■ **What the exercise asks**
Only a verbatim restatement of the lines from the one with "Scarico Arrow completo" through the end of the listing below is wanted. Pictures should be left out.

■ **Available data**
┄┄┄┄┄┄┄┄┄┄┄┄┄┄┄┄┄┄┄┄

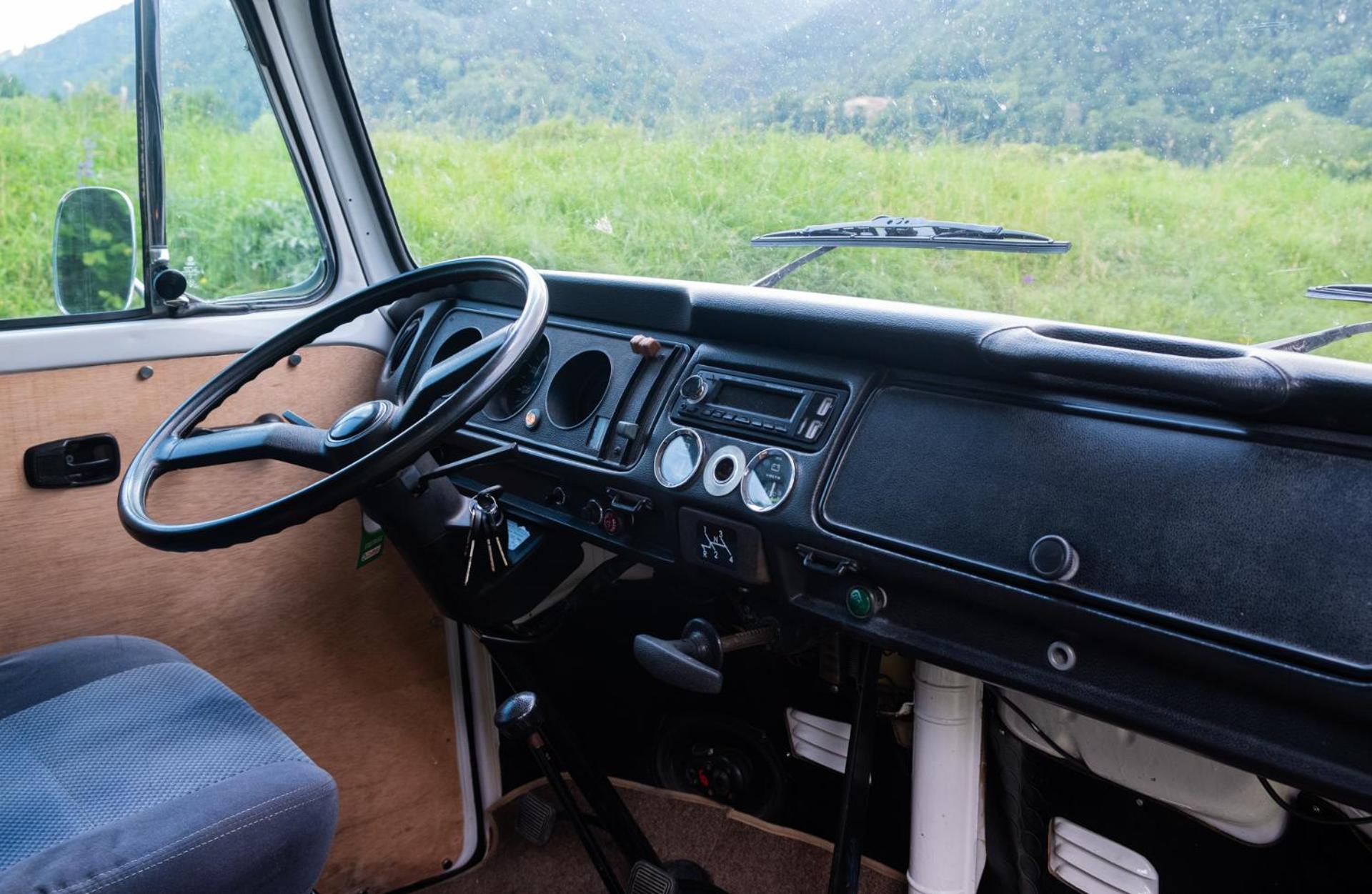 Retro Vw Kombi T2 Campervan L'Hospitalet de Llobregat Kültér fotó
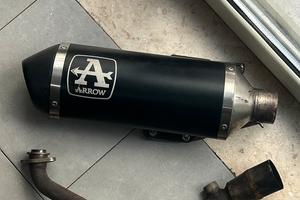 Scarico Arrow completo x sh 125/150 anno 2005-2012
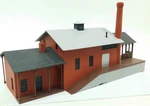 Used Mth 30-9084 Brewery (no Box). Fixed Price $76.49.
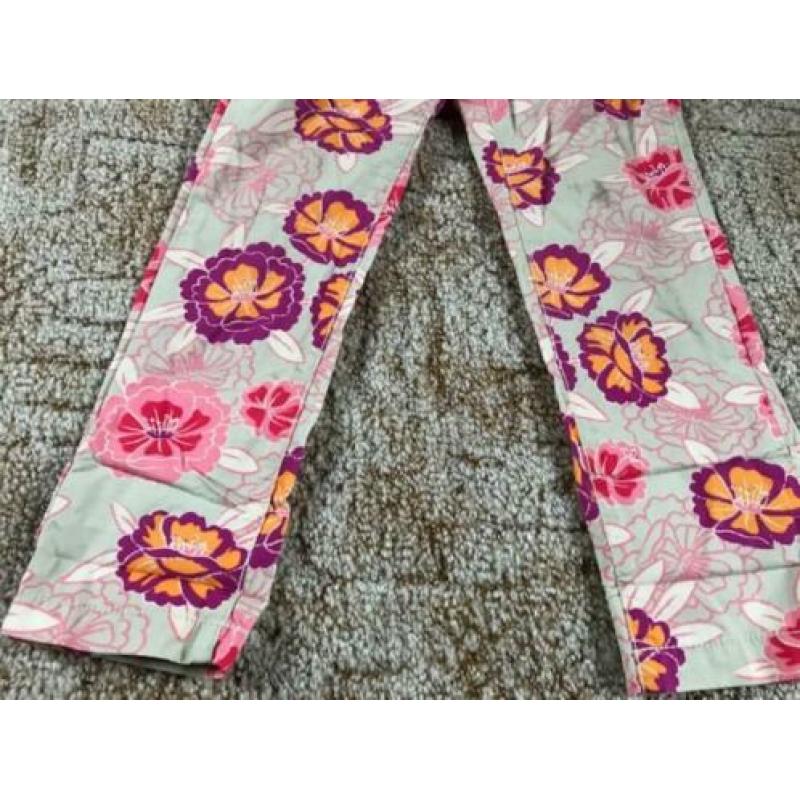 Dunne broek met verstelbare taille maat 116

┄┄┄┄┄┄┄┄┄┄┄┄┄┄┄┄┄┄┄┄

■ **Solution**
 Scarico Arrow completo x sh 125/150 anno 2005-2012
 Used Mth 30-9084 Brewery (no Box). Fixed Price $76.49.
 Dunne broek met verstelbare taille maat 116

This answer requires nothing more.